The respective processings are performed by the processor 180's
controlling these multiplicity-degree control units 122A and 122B,
rewrite processing unit 144 of virtual machine-real machine pair
information table, and control unit 140 of virtual
infrastructure.
[0079] The shared memory partition 130 for control of virtual
machine-virtual infrastructure stores therein the virtual
machine-real machine pair information table 131 for indicating the
correspondence relationship as to which of the virtual machines is
operating on which of the real machines. On the present table, the
correspondence relationship is indicated by each item in FIG. 11,
which will be described later.
[0080] The respective processings by the virtual machines 121A and
121B, the control unit 140 of virtual infrastructure, the rewrite
processing unit 144 of virtual machine-real machine pair
information table, the virtual NICs 141A and 142A used for the
multiplicity-degree control unit 122A, the virtual NICs 141B and
142B used for the multiplicity-degree control unit 122B, and the
multiplicity-degree control units 122A and 122B, which are stored
into the memory 110 of the first real machine 100, can be
implemented by being executed by the processor 180. These
processing units, however, can also be implemented as hardware by
being formed into integrated circuits or the like as the processing
units for performing the respective processings.
[0081] Hereinafter, for simplicity of the explanation, with respect
to the first real machine, the processings by each control unit and
processing unit are implemented by programs expanded on the memory.
Each processing unit, which is implemented by the processor 180's
executing each program, will be explained below as the principal
operation component for each processing.
[0082] The structure of the second real machine is basically the
same as the one of the first real machine. Consequently, the
explanation thereof will be omitted here.

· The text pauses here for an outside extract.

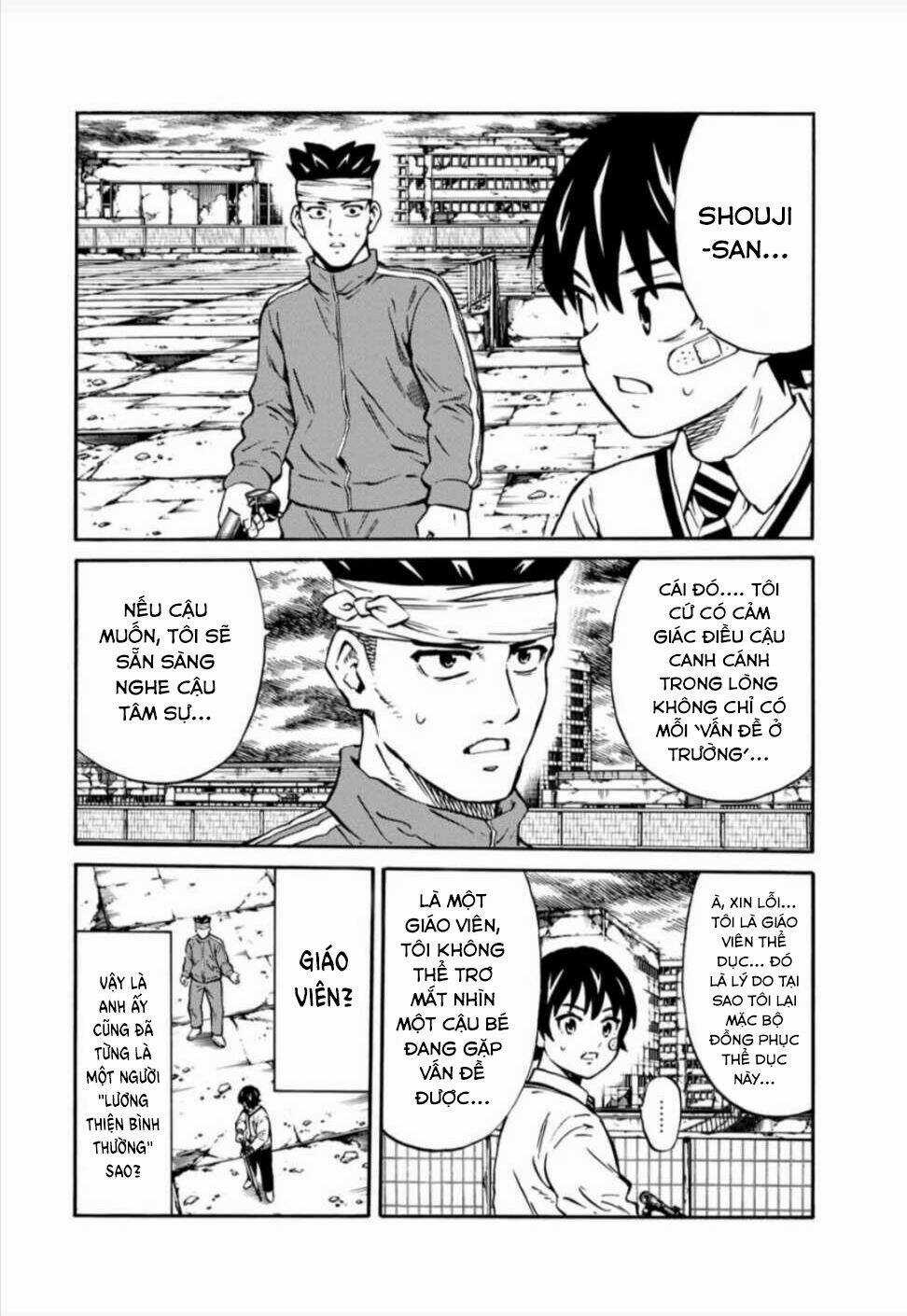 Tenkuu Shinpan Arrive - Chapter 23 - Trang 14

[0083] Incidentally, although the logical partition 120B' for
virtual machine and the virtual NICs 141B' and 142B' are described
on the second real machine, these components will not be used in
the present embodiment.
[0084] FIG. 10 is an example of the diagram for illustrating the
initial values 300 of virtual machine-real machine pair information
table.
[0085] The initial values 300 are initial information to be read
into the virtual machine-real machine pair information tables 131
and 231. The initial values 300 store therein, as the virtual
machine information, the MAC addresses 310 of the virtual NICs of
the virtual machines, the multiplicity-degree pair identifiers 320
for identifying a virtual NIC in the case where a virtual machine
changes the multiplicity degree of a communication path, and the
real machine identifiers 320, i.e., identifiers for allowing the
real machines such as machine names to be identified uniquely
within the system. Also, the MAC addresses have been used in the
present embodiment. This pair information, however, may also be
expressed instead by some other addresses such as IP addresses
allocated to the virtual machines.
[0086] Incidentally, here, the following assumption is made: The
virtual NIC 141A is caused to correspond to the communication
interface 150, the virtual NIC 142A is caused to correspond to the
communication interface 160, and the multiplicity degree is
indicated by the multiplicity-degree pair identifiers 320.

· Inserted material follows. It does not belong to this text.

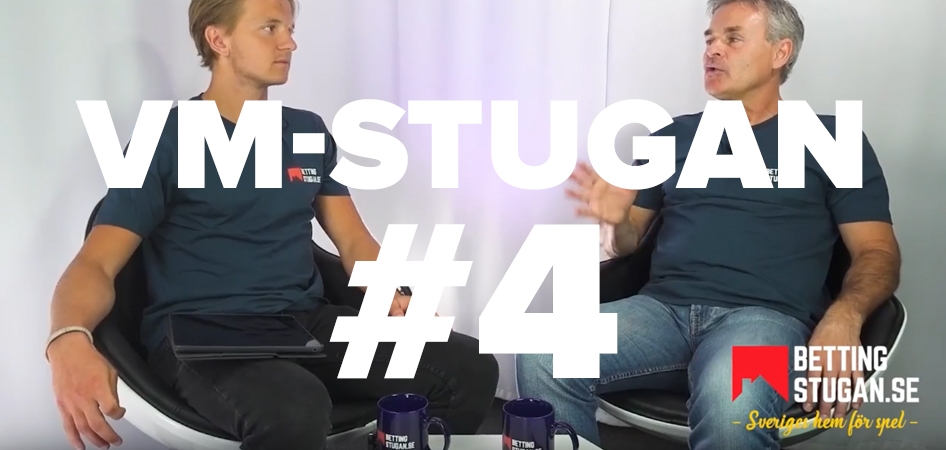 Avsnitt 4 av VM-stugan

[0087] FIG. 11 is an example of the diagram for illustrating the
virtual machine-real machine pair information table 131 after being
rewritten from the initial values in the present embodiment.
[0088] FIG. 11 is the table expanded on the memory by the rewriting
unit of virtual machine-real machine pair information table. The
table stores therein, as the virtual machine information, the MAC
addresses 310 of the virtual NICs of the virtual machines, the
multiplicity-degree pair identifiers 320 for identifying a virtual
NIC in the case where a virtual machine changes the multiplicity
degree of a communication path, and the real machine identifiers
330, i.e., identifiers for allowing the real machines such as
machine names to be identified uniquely within the system. Also,
this pair information may also be expressed by the correspondence
relationship between IP addresses allocated to the virtual machines
and the real machine identifiers.
[0089] In FIG. 10 which illustrates the initial values, the virtual
NIC 142A is caused to correspond to the communication interface
160, and the multiplicity-degree pair identifiers 320 are affixed.

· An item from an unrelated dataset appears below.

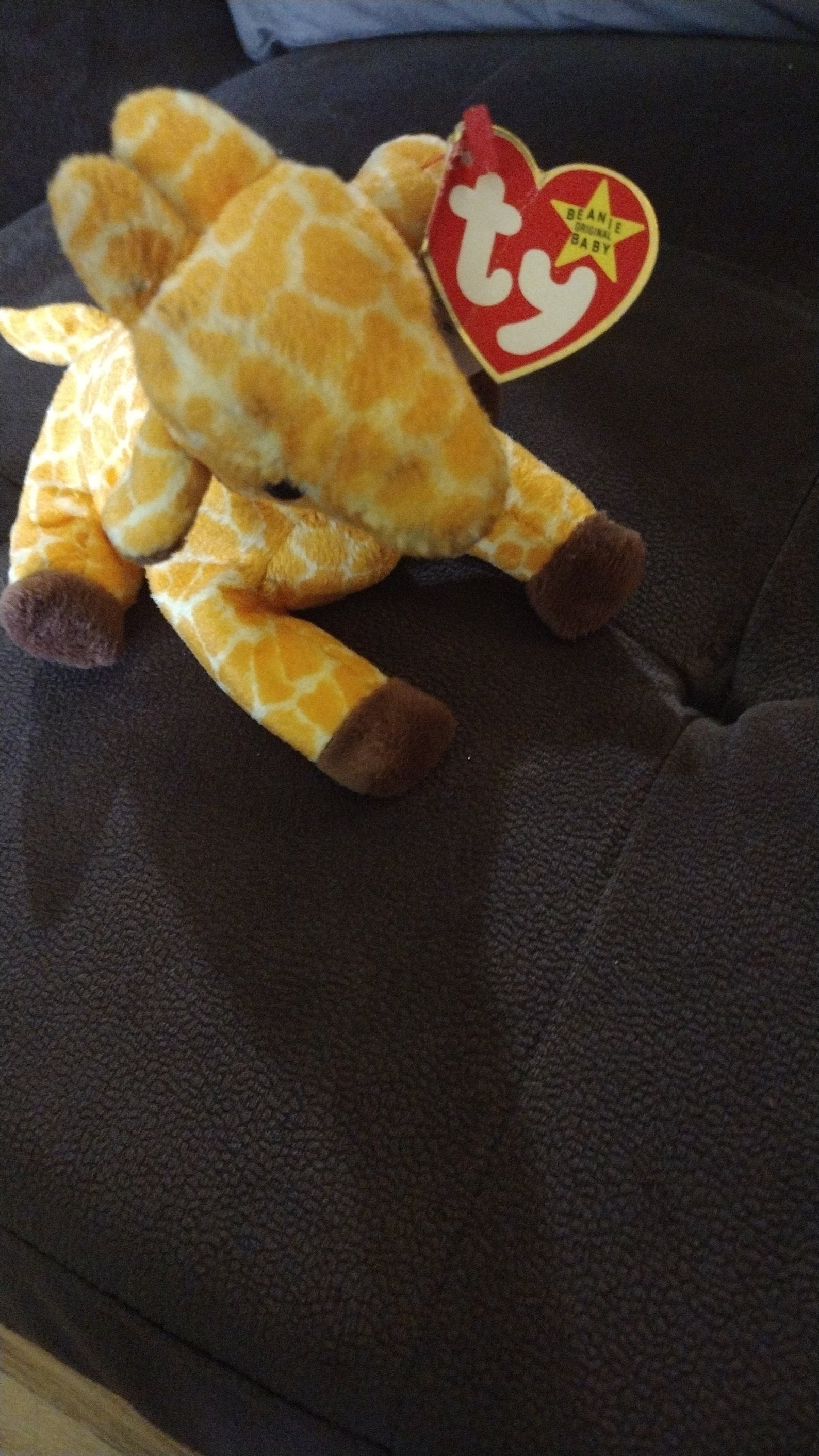 Super Rare Twigs Beanie Baby With Errors Etsy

Here, however, the communication interface 160 is unusable in the
communication-path multiplexing. Accordingly, NULL i.e., an
identifier for indicating invalidity, is affixed as the
multiplicity-degree pair identifier in FIG. 11.
[0090] The activation operation of the communication-path control
system 600 is basically the same as the one illustrated in FIG. 3.
Consequently, the explanation thereof will be omitted here.
[0091] FIG. 12 is an example of the diagram for illustrating the
activation operation flow of the control processing unit 140 of
virtual infrastructure in the real machine 100. The control
processing unit 140 of virtual infrastructure ensures the shared
memory partition 130 for control of virtual machine-virtual
infrastructure on the memory 110 (step 710).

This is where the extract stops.